Supreme Court of Indiana
Mar 4, 1986
489 N.E.2d 511 (Ind. 1986)

Opinion

No. 1185S490.

March 4, 1986.

Appeal from the Supreme Court appointed special judge, Marvin D. McLaughlin of the Starke Circuit Court.


STARKE CIRCUIT COURT


The Hon. Charles H. Graddick, Judge of the City Court of Gary, Indiana issued a broad and detailed mandate order on March 13, 1985, pursuant to the provisions of Ind. R.TR.P. 60.5, addressed to the Gary Mayor, Controller, and City Council. This court appointed the Hon. Marvin D. McLaughlin, Judge of the Starke Circuit Court as special judge to hear the case. A hearing was held, resulting in final determinations that the City Court had inherent judicial authority to issue such orders, and that the part of the mandate order requiring the maintenance and repair of the court's physical facilities be upheld. Additional parts of the order have been held in abeyance under the jurisdiction of the special judge, or not upheld.

The first issues presented for review by this court are whether the City Court has authority to issue mandate orders requiring the appropriation and payment of reasonably necessary funds for the court, and if it does, whether or not Indiana Trial Rule 60.5 governs the exercise of that authority.

The statute establishing the jurisdiction of the Gary City Court declares that the court has no jurisdiction in "actions" in mandate. I.C. 33-10.1-2-4. This express restriction does not withhold jurisdiction to issue a mandate order for the court's use. It refers instead to civil actions brought by one party against another, thereby calling for the court to act as judge. Ind.R.Tr.P. 3. The language of the statute does not restrict city court jurisdiction in this area.

The special judge ruled that the City Court had inherent power to provide for the reasonable and necessary operating expenses of such court. It has been settled since Carlson v. State ex rel. Stodola (1966), 247 Ind. 631, 220 N.E.2d 532, that a city court, while a court of inferior and limited jurisdiction, is nevertheless truly judicial in character, subject to the duty imposed by Art. 1, Sec. 12 of the Constitution of Indiana upon all courts to provide remedy by due course of law, and thus protected by the Constitution. The legislative grant of jurisdiction, such as the one defining the authority of the Gary Court, thus carries with it the basic authority identified by the special judge.
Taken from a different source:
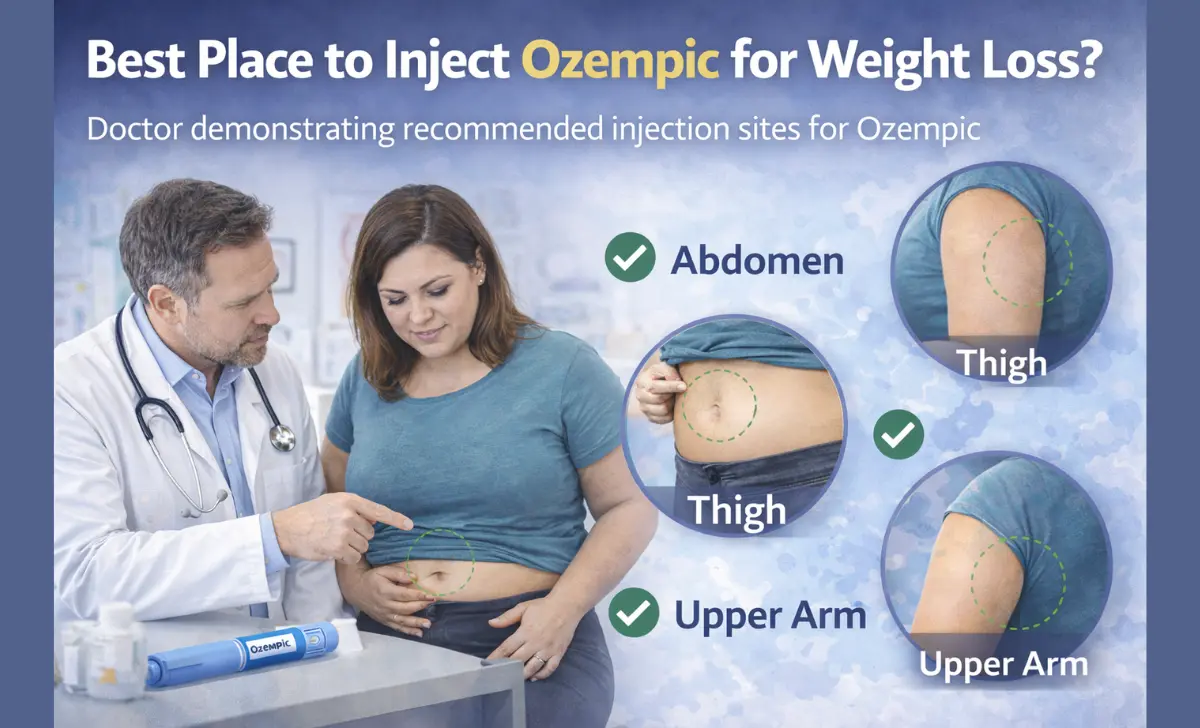 Doctor demonstrating correct Ozempic injection site on abdomen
The application of Trial Rule 60.5 is a matter quite apart from the aforesaid basic authority. There has been no authority presented other than the rule itself in support of the authority of a city court to make a direct order like the one issued by Judge Graddick. Caselaw demonstrates that the path followed heretofore by courts of limited and inferior jurisdiction has been to exercise the basic authority by the filing of an independant action for mandate against the proper municipal authorities in a trial court of general jurisdiction. Hatcher v. State ex rel. Work (1978), 268 Ind. 468, 376 N.E.2d 1115 McAfee v. State ex rel Stodola (1972), 258 Ind. 677, 284 N.E.2d 778.
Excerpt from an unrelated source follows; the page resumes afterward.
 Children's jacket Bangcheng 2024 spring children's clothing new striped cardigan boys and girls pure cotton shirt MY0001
This court's purpose in adopting Ind.R. Tr.P. 60.5 was to provide an immediate, expeditious, and simple review process, when a trial court took the extreme step of issuing a mandate order and local authorities had genuine fiduciary concerns. It was contemplated that on the one hand, extreme local conditions could result in the total cessation of all court operations, while on the other hand a trial judge might make an extravagant and unwarranted order.

Underlying concerns of the same nature exist in the case of the operation of a city court, although they are not of the same magnitude. City courts are subject to establishment and abolition by city ordinance. I.C. 33-10.1-1-3. The office of city judge is filled in municipal elections which tend to be smaller and more personal. The court has both limited civil and criminal jurisdiction, and many do not entertain civil cases at all. Judgments of such courts are subject to being immediately interdicted by appeal to the trial courts in the judicial circuit, where the case is subject to being retried de novo. I.C. 33-10.1-5-9. In light of these characteristics, we find that the avenue previously followed via the filing of an independent action in a circuit or superior court, provides adequate protection for the financial support and independence of city courts, and hold that such avenue must be followed by them. We consequently declare that in future cases of this nature, Ind.R.Tr.P. 60.5 will not apply. However in exercise of this court's inherent judicial authority, in order to avoid unnecessary waste of judicial time and effort we determine that this case be brought to final disposition at all judicial levels according to the rule.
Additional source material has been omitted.